» Work to complete
All lines from the one containing "Townhouse in Bangkok, Thailand" down to the one containing "Oslo—Regal, tailored palace lighting 1", both ends included, are to be given again exactly; omit the rest of the listing below.

» Raw data
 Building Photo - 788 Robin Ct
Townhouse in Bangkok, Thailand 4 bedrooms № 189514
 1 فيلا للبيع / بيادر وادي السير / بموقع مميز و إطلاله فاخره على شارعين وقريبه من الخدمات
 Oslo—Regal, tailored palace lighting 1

==

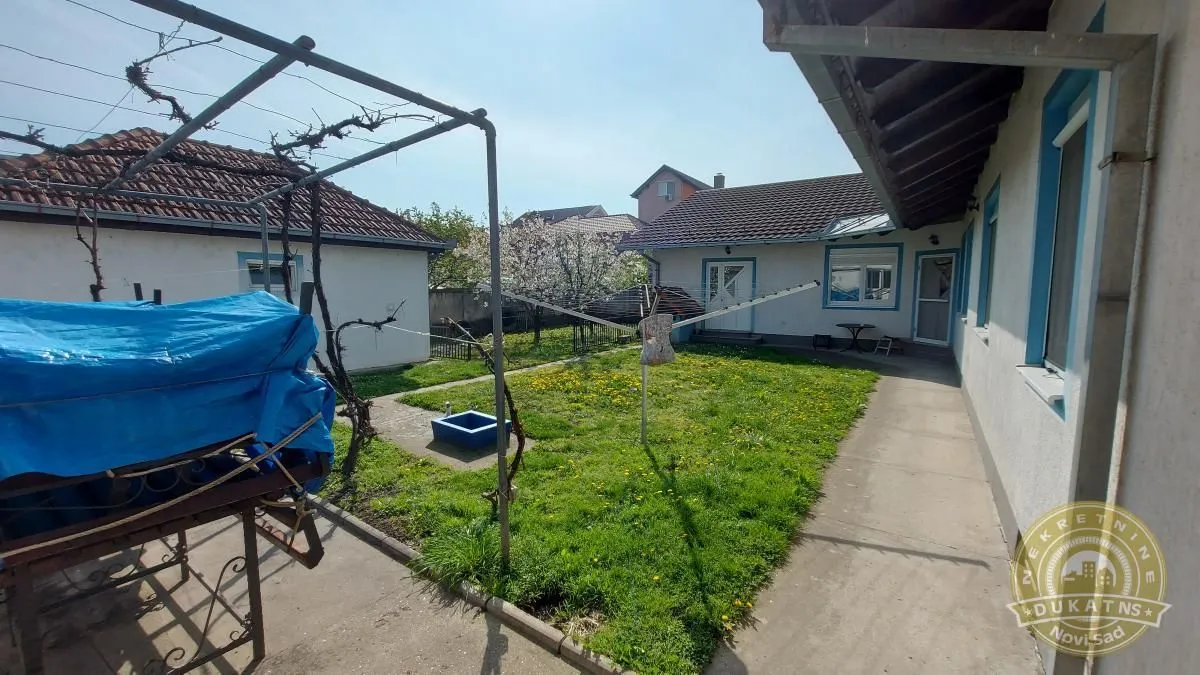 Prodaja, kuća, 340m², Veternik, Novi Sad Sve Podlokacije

==

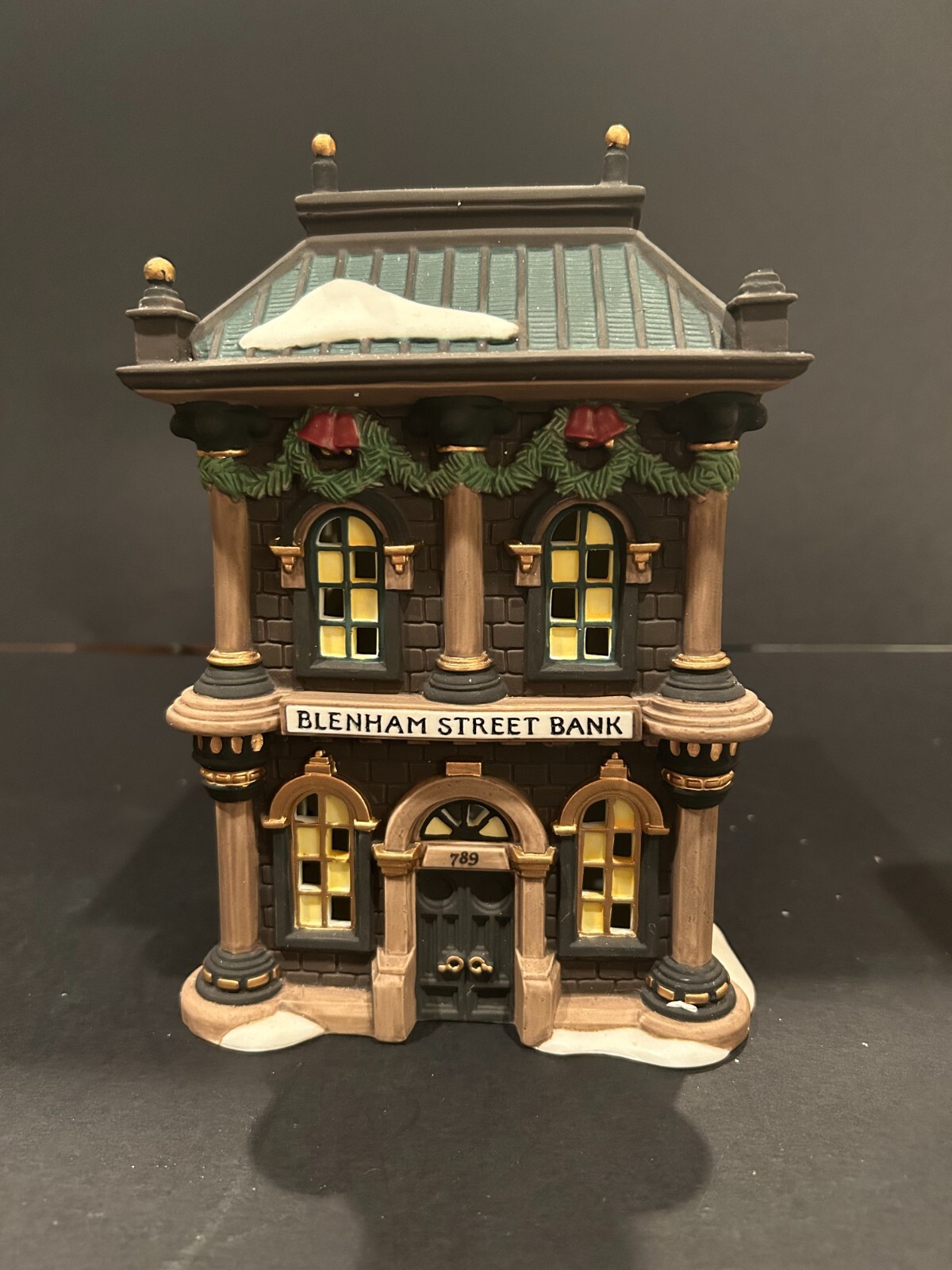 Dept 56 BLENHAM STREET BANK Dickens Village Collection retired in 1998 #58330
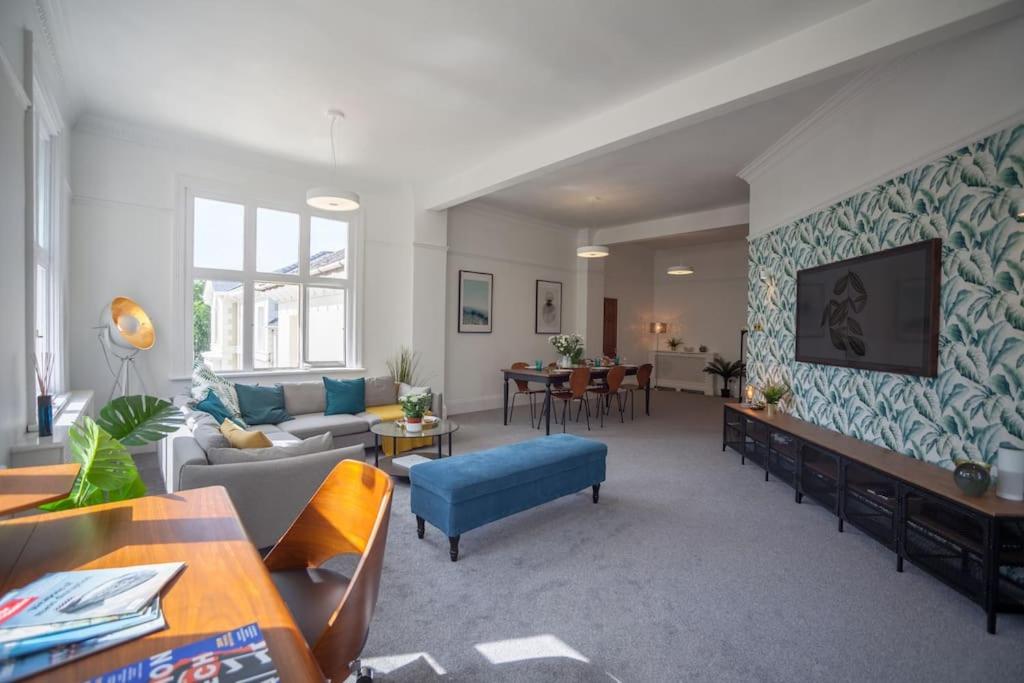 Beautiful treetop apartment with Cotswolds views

» Answer space
Townhouse in Bangkok, Thailand 4 bedrooms № 189514
 1 فيلا للبيع / بيادر وادي السير / بموقع مميز و إطلاله فاخره على شارعين وقريبه من الخدمات
 Oslo—Regal, tailored palace lighting 1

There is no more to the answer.